BEGIN Information provided

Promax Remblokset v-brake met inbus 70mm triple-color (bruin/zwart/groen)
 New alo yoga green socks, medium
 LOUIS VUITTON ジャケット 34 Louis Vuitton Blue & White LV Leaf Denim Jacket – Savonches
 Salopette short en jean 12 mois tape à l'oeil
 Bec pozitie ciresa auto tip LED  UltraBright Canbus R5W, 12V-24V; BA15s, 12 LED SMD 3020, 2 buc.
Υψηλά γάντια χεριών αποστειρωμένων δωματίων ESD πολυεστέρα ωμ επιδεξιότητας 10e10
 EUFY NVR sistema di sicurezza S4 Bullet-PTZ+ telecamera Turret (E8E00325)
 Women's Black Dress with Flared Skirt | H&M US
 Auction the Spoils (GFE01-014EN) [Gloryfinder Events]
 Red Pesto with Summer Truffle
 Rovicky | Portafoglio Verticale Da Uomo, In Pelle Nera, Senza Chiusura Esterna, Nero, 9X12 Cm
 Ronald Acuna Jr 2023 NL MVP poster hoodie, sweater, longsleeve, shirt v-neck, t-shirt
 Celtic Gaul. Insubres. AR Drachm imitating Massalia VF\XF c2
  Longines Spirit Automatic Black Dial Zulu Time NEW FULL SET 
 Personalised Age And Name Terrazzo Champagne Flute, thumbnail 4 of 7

END Information provided

**Task statement:** Copy the records above exactly, from the first line through the line containing "Υψηλά γάντια χεριών", and include nothing else.

**Result for this exercise:**
Promax Remblokset v-brake met inbus 70mm triple-color (bruin/zwart/groen)
 New alo yoga green socks, medium
 LOUIS VUITTON ジャケット 34 Louis Vuitton Blue & White LV Leaf Denim Jacket – Savonches
 Salopette short en jean 12 mois tape à l'oeil
 Bec pozitie ciresa auto tip LED  UltraBright Canbus R5W, 12V-24V; BA15s, 12 LED SMD 3020, 2 buc.
Υψηλά γάντια χεριών αποστειρωμένων δωματίων ESD πολυεστέρα ωμ επιδεξιότητας 10e10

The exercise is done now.